Dinesh Shah, MD, Sanjay Dhandaria, MD, Brij B Agarwal, MD
Piles Clinic Jaipur,Shri sai krupa hospital,Bilaspur Dr. Agarwal’s Clinic, New Delhi, India.
INTRODUCTION
Aim of this study was to evaluate the economic acceptability and advantages of stapled hemorrhoidopexy (SHPXY) in candidates of haemorrhoid surgery from economically backward rural areas of India. Coventional surgery in these areas was the prevailing norm, the cost of stapler in SHPXY being a ciscouraging factor. Conventional hemorrhoidal surgery keeps the patients away from their economic activity for a minimum of 3 weeks leading to loss of wages to these.
PROCEDURES AND METHODS
A prospective study, (September 2007-January 2010), on consecutive consenting candidates for haemorrhoid surgery, coming from a rural population having a single earning member in a family, working as manual labourer and earning <500 Indian Rupees (10 US Dollars) per day.
Candidates for a SHPXY were selected following a standard inclusion and exclusion protocol for fast tract day care ambulatory surgery .Failure to discharge from day care, re-intervention for haemorrhage, need for urethral catheterization and number of days to resume normal manual labour were the primary end points from surgeon’s perspective.
Patients were followed up on 3rd day, 7th day and 1 month .they were asked to communicate about defecatory difficulty, disabling pain if experienced, bleeding and any other adverse event leading to disruption of their work. Ability to return to economic important activity was the primary end point from patient’s perspective.
RESULT :
A total of 330 patients (286 male and 44 females) were operated for SHPXY under General Anaesthesia.
269 were discharged from day care without any complication
One patient needed re intervention for haemorrhage and could be discharged after 3 days.
60 cases needed overnight hospitalisation (urine evacuation -34, Bleeding -7, and unwillingness to go home due to significant pain -19 )

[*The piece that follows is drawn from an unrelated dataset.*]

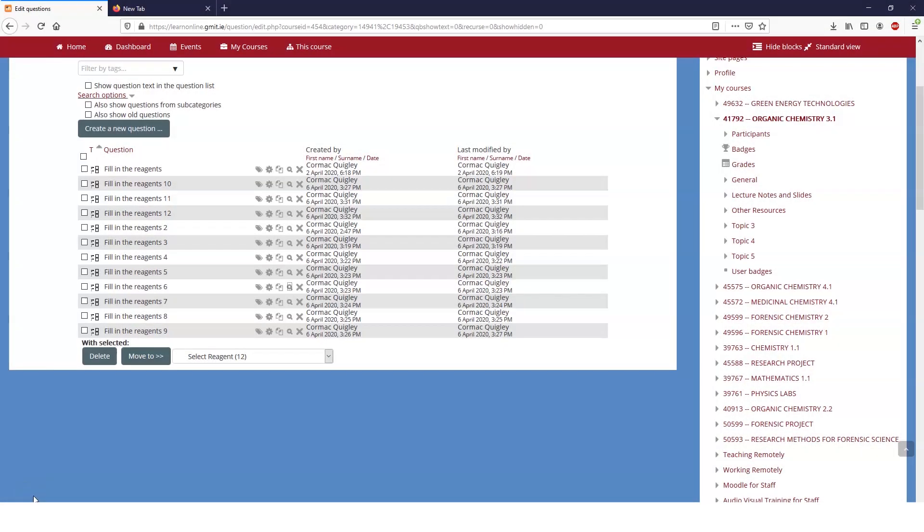Okay, this is a short video on the use of drop-down menu questions in the formula question. These can obviously be combined with other parts in a formula question, but I'm just going to look at how drop-down menus work.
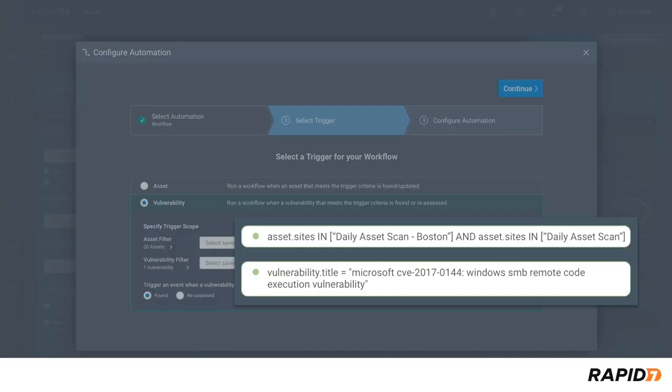This workflow will trigger automatically when this specific Windows SMB remote code execution vulnerability is found for the first time within the Boston site.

All other patients could resumed their routine manual labour from 3rd day of surgery even those who had delayed discharge were able to resume within 3 days of them discharge, thus saving a loss of earning of 3 weeks (Approximately 200 US Dollars/ 10000 Indian Rupees). It potentially offsets the cost of stapler used.
No adverse events were reported during the clinical follow up of 3rd day,7th day and 1 month
CONCLUSION:
SHPXY is a feasible surgical option for symptomatic hemorrhoidal disease in economical weaker population offering them a prompt resumption of their earning profile leading to absence of loss of their daily life supporting wages.